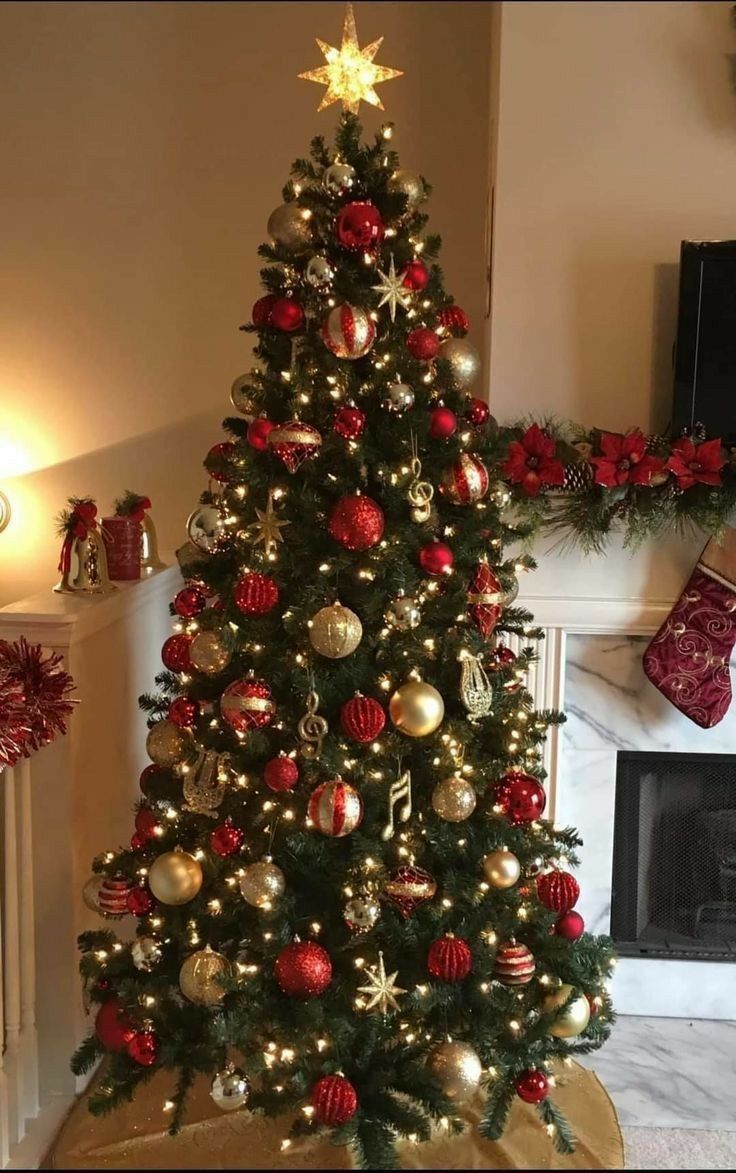 a christmas tree with red and gold ornaments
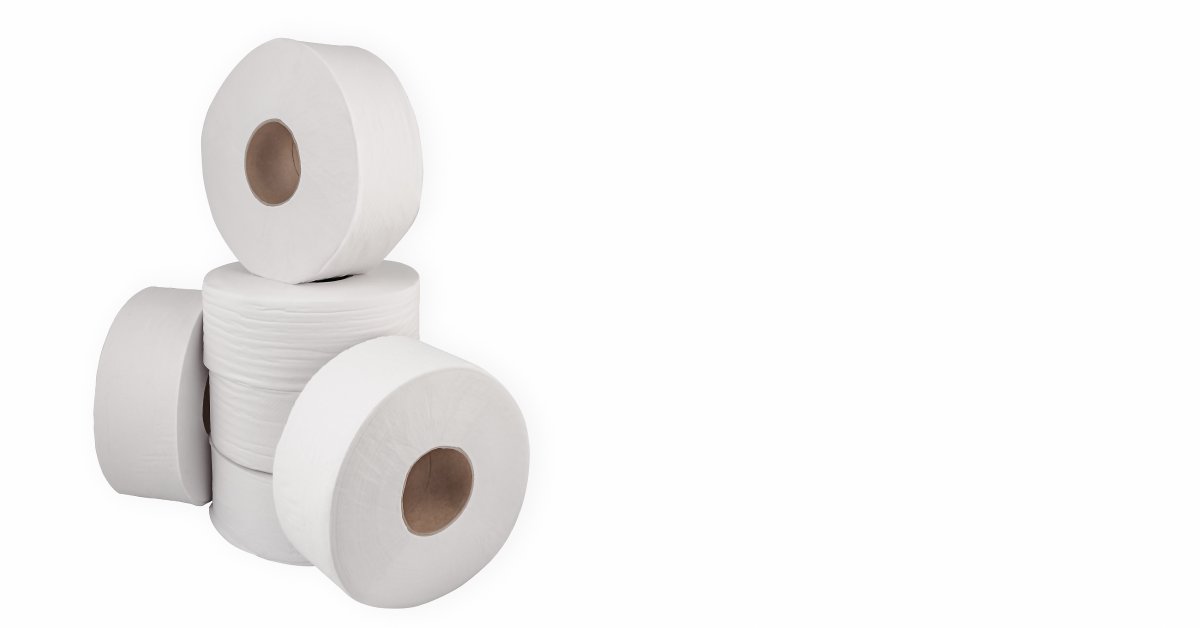 Three jumbo rolls of toilet tissue are stacked on top of each other, and three rolls are sitting upright.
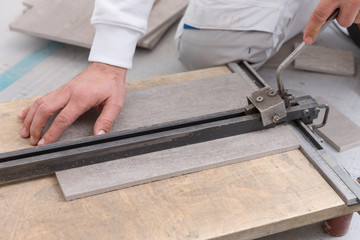 Ein Fliesenleger schneidet eine Fliese mit einem Fliesenschneider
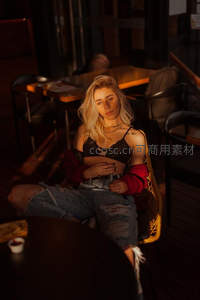 咖啡馆中金发女郎，暖光下慵懒迷人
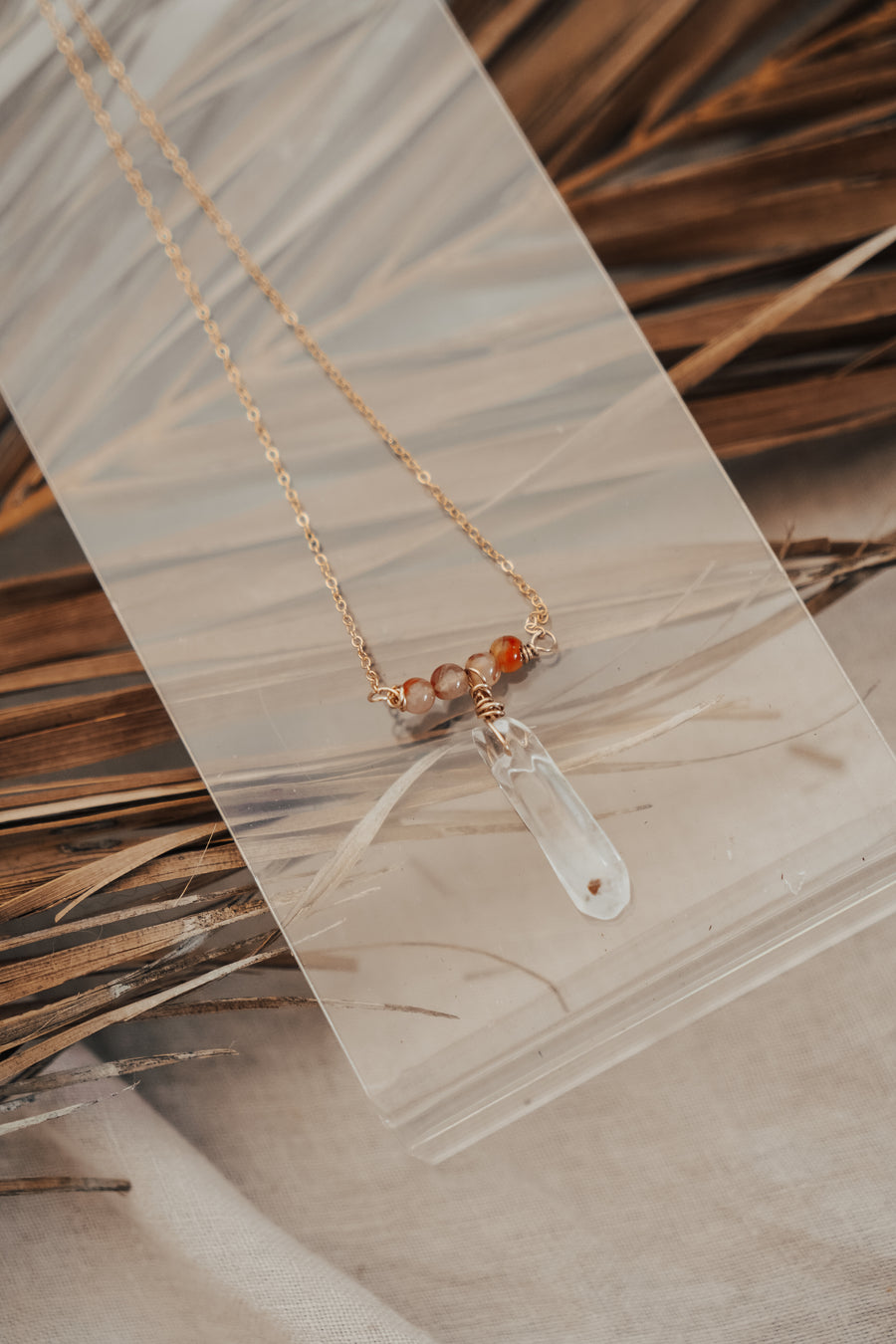 The Gravity Necklace with Clear Crystal Quartz & Carnelian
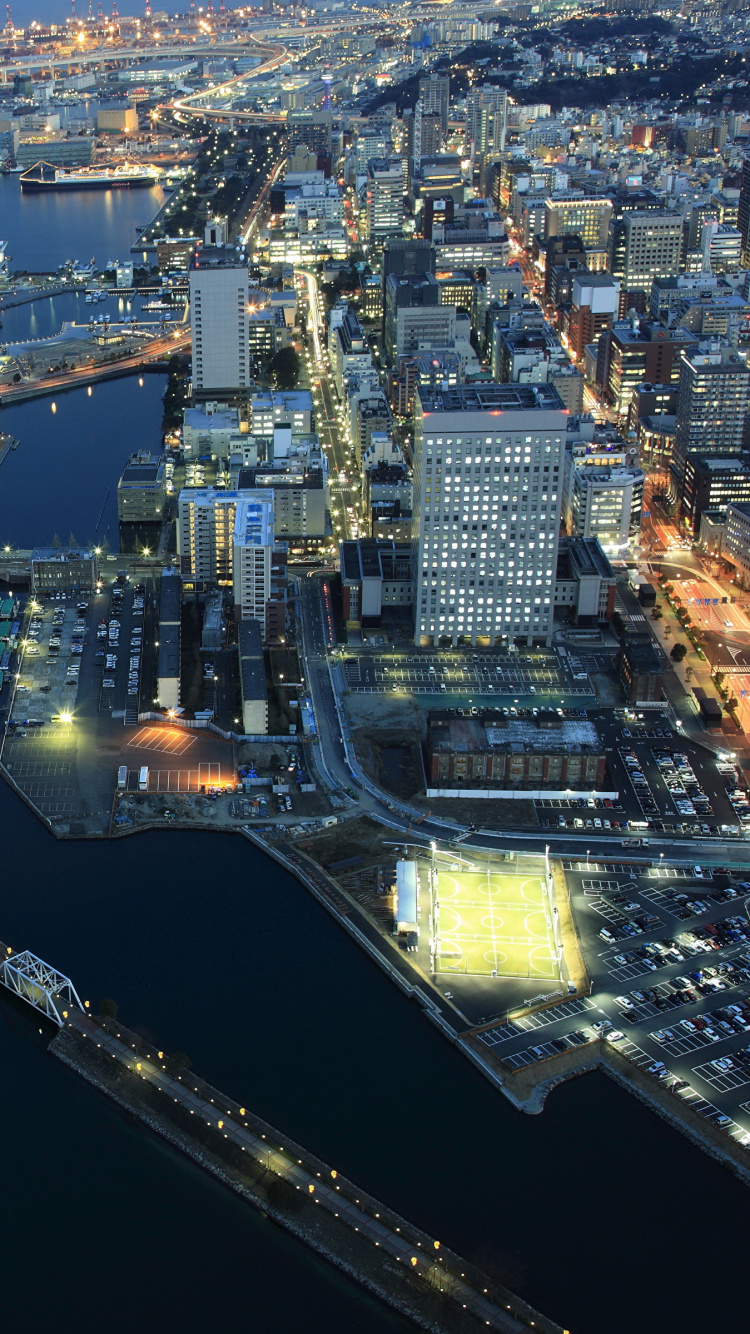 Vista Aérea de Los Edificios de la Ciudad Durante la Noche.. Wallpaper in 750x1334 Resolution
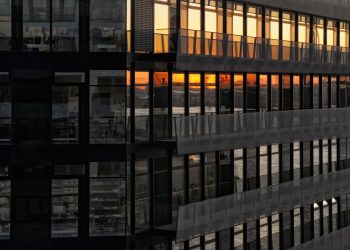 Urban building facade reflecting a beautiful sunset in the windows.
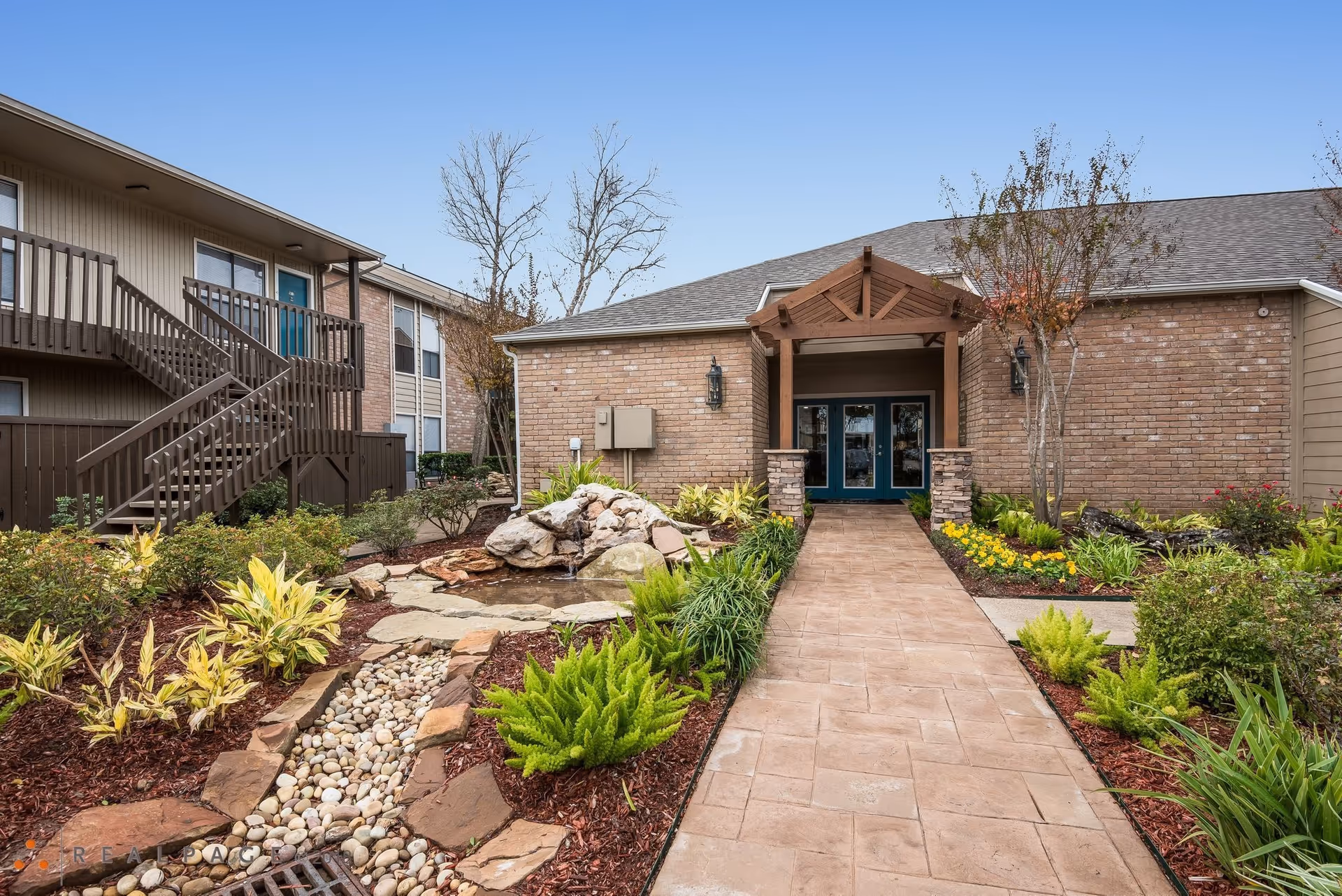 Braesridge Apartments exterior entrance with brick facade, covered porch, and landscaped walkway.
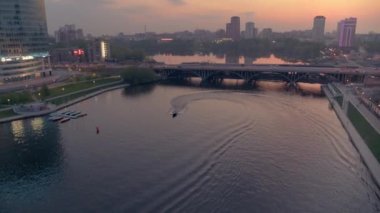 Gün batımında şehir merkezinde bir nehirde yüzen bir teknenin hava görüntüsü.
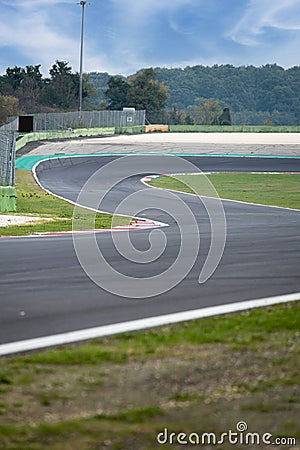 Going towards double turn motorsport circuit asphalt track Editorial Stock Photo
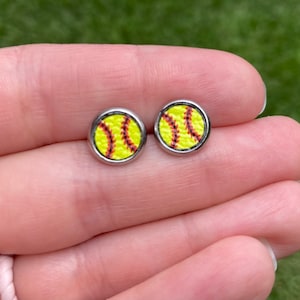 May include: A pair of silver stud earrings with a yellow and red softball design.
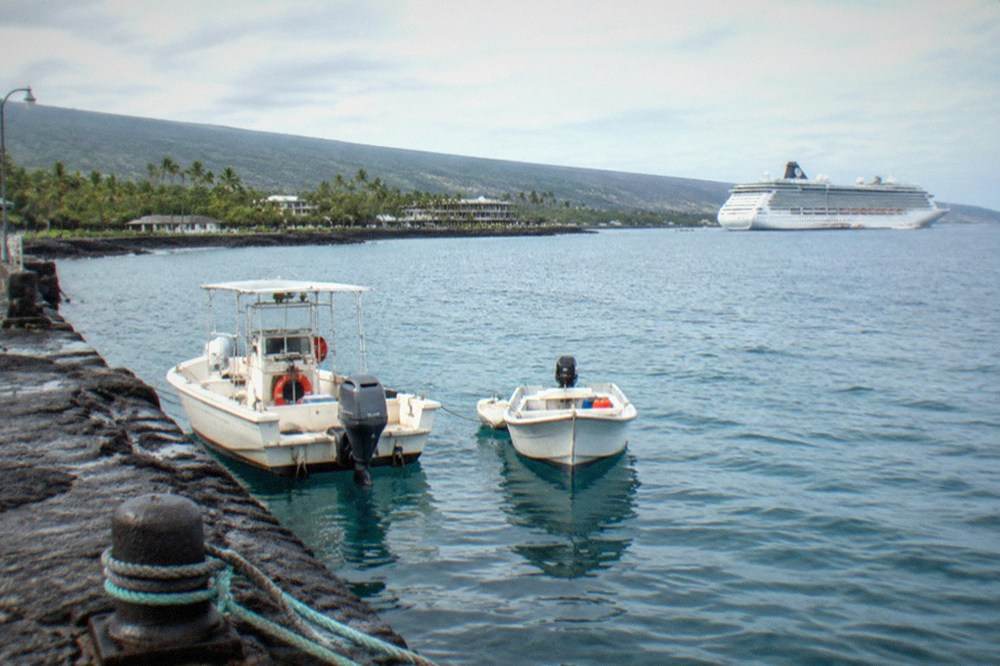 Tender boats moored at a stone pier in Kailua Kona with a cruise ship at anchor offshore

**What is required**
Exactly reproduce each entry, but drop the pictures.

**Response to the task**
 a christmas tree with red and gold ornaments
 Three jumbo rolls of toilet tissue are stacked on top of each other, and three rolls are sitting upright.
 Ein Fliesenleger schneidet eine Fliese mit einem Fliesenschneider
 咖啡馆中金发女郎，暖光下慵懒迷人
 The Gravity Necklace with Clear Crystal Quartz & Carnelian
 Vista Aérea de Los Edificios de la Ciudad Durante la Noche.. Wallpaper in 750x1334 Resolution
 Urban building facade reflecting a beautiful sunset in the windows.
 Braesridge Apartments exterior entrance with brick facade, covered porch, and landscaped walkway.
 Gün batımında şehir merkezinde bir nehirde yüzen bir teknenin hava görüntüsü.
 Going towards double turn motorsport circuit asphalt track Editorial Stock Photo
 May include: A pair of silver stud earrings with a yellow and red softball design.
 Tender boats moored at a stone pier in Kailua Kona with a cruise ship at anchor offshore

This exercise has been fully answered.